*** Dataset section Section Begins ***
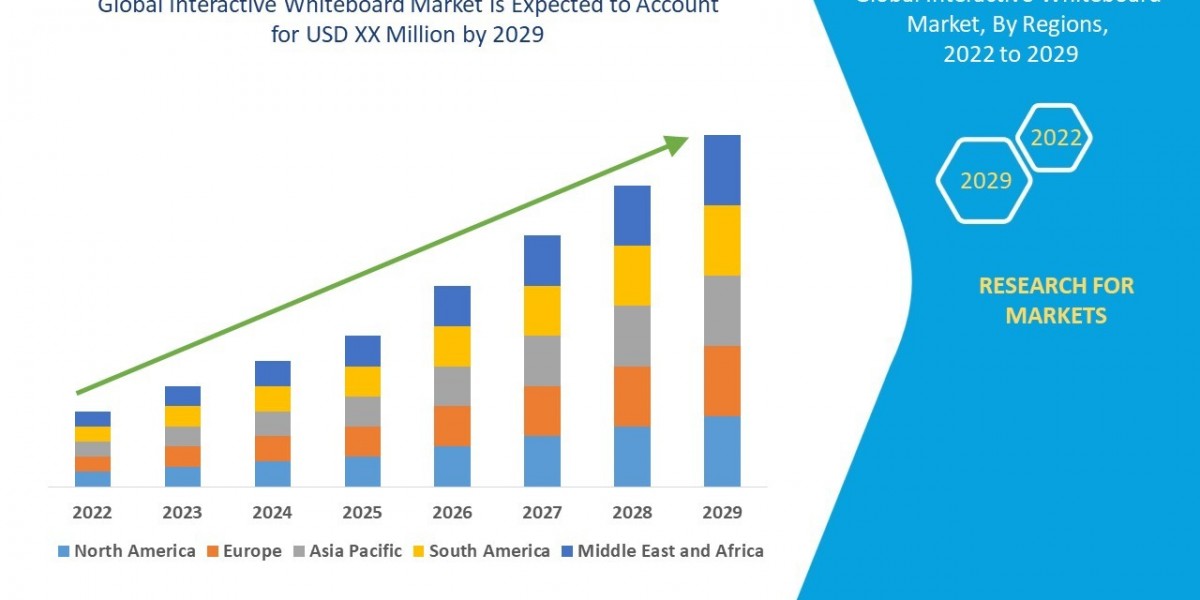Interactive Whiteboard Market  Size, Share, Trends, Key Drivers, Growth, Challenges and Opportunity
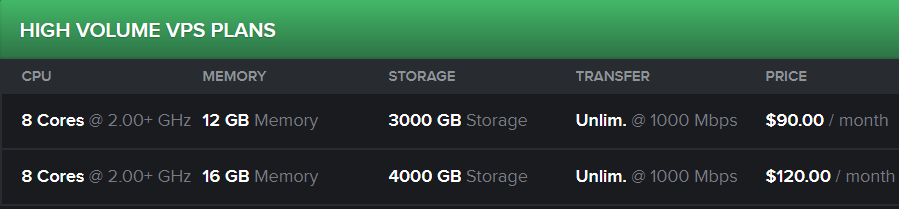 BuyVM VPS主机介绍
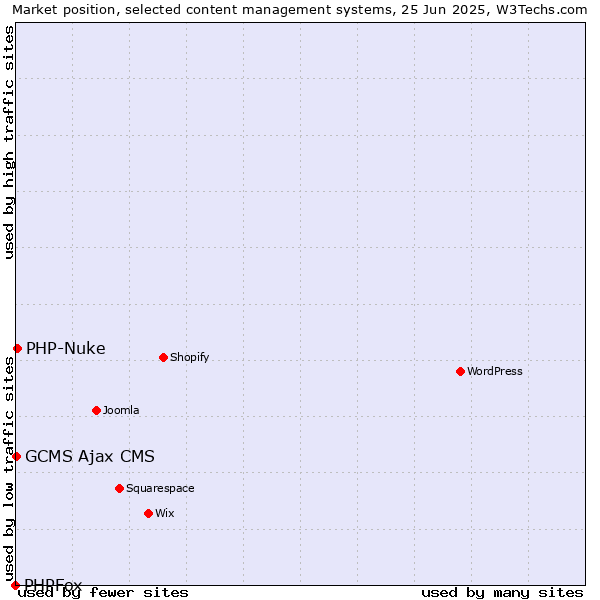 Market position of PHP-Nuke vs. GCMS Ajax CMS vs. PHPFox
*** Dataset section Section Ends ***
→ **What is needed**
Please repeat everything in the data above except the pictures, exactly as it reads.

→ **Answer space**
Interactive Whiteboard Market  Size, Share, Trends, Key Drivers, Growth, Challenges and Opportunity
 BuyVM VPS主机介绍
 Market position of PHP-Nuke vs. GCMS Ajax CMS vs. PHPFox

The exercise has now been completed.